Instructions to follow:
Could you write out, exactly as they stand, only the lines in the listing below from the line with "А чем вы вообще занимаетесь?" to the line with "10-hand-appaloosa-colt", both ends included, without the pictures?

Exercise data:
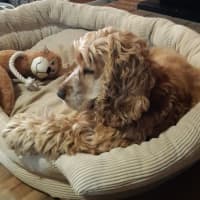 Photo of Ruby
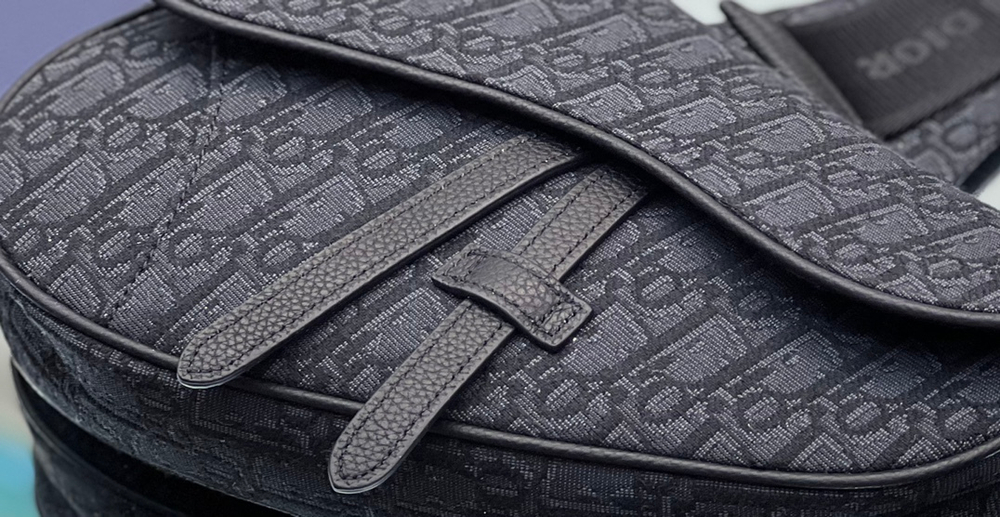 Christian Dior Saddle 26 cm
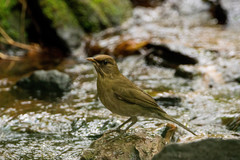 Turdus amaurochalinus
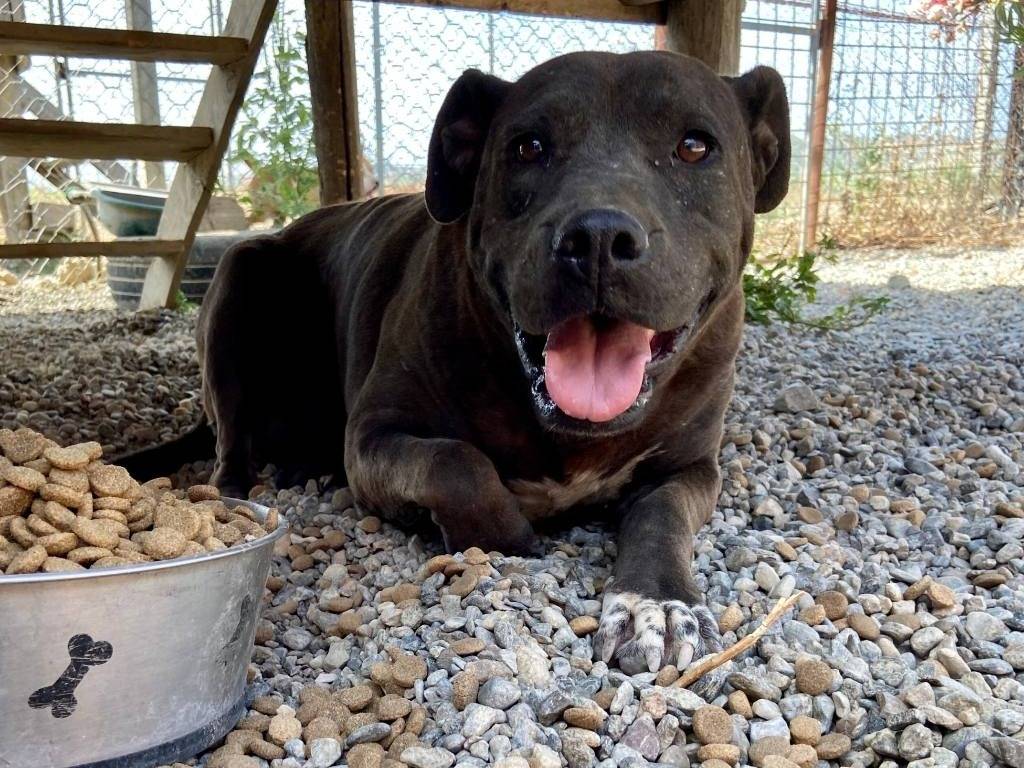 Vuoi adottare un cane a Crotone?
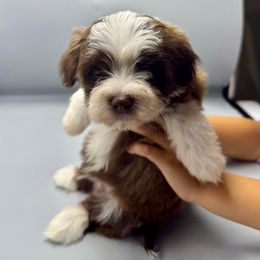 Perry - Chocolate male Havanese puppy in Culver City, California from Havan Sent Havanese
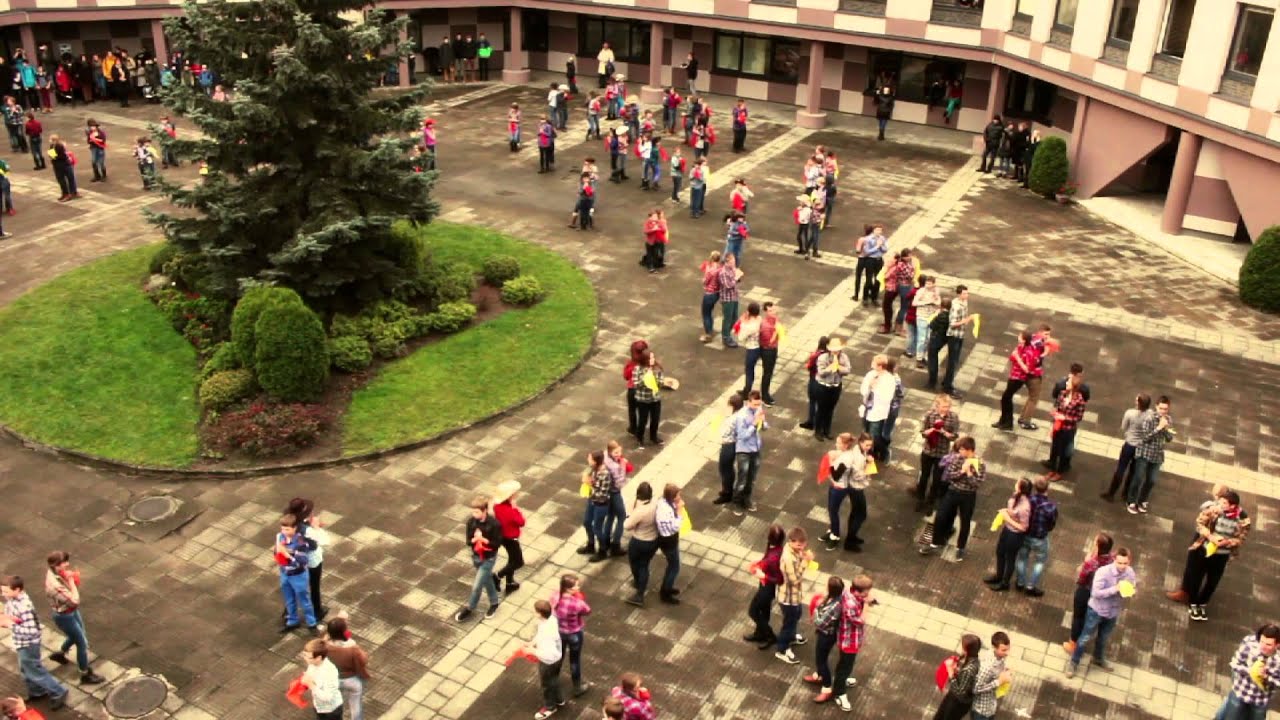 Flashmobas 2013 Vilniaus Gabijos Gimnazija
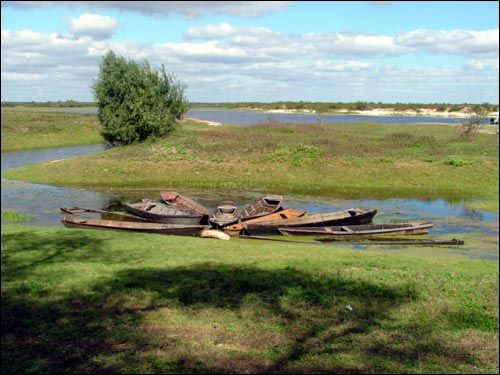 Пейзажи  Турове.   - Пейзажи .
---
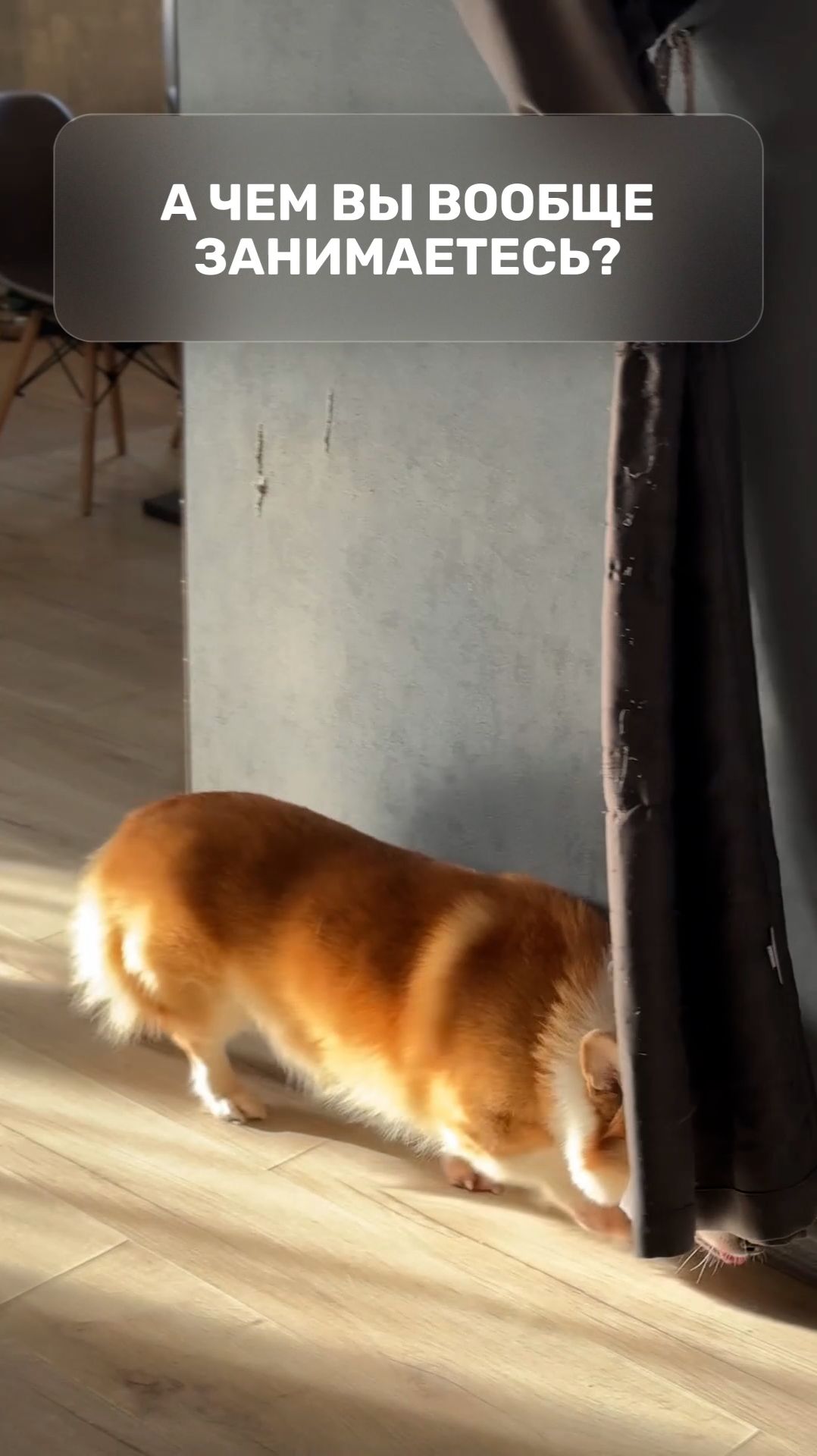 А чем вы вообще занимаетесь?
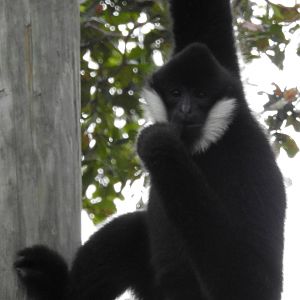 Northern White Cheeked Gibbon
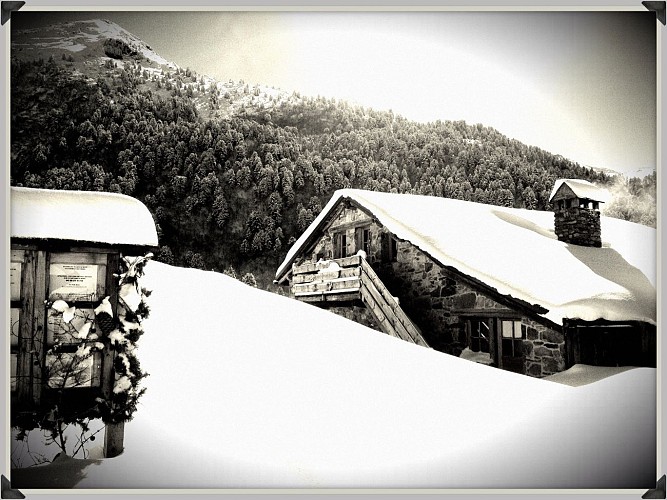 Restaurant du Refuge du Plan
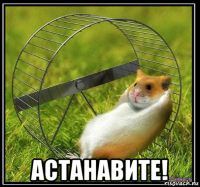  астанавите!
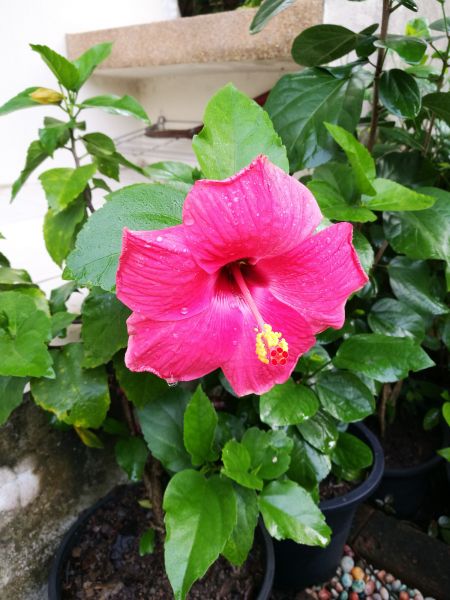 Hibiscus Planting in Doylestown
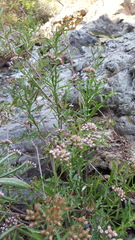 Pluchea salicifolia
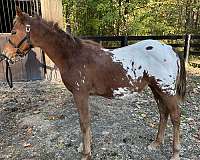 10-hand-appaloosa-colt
...
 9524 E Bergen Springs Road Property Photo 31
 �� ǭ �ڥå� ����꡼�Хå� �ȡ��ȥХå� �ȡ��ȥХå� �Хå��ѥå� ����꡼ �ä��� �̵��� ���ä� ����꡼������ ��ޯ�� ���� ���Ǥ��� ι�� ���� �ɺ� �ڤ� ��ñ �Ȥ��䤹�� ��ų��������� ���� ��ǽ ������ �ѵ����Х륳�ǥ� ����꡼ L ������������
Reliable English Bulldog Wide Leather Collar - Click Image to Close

Written solution:
 А чем вы вообще занимаетесь?
 Northern White Cheeked Gibbon
 Restaurant du Refuge du Plan
  астанавите!
 Hibiscus Planting in Doylestown
 Pluchea salicifolia
 10-hand-appaloosa-colt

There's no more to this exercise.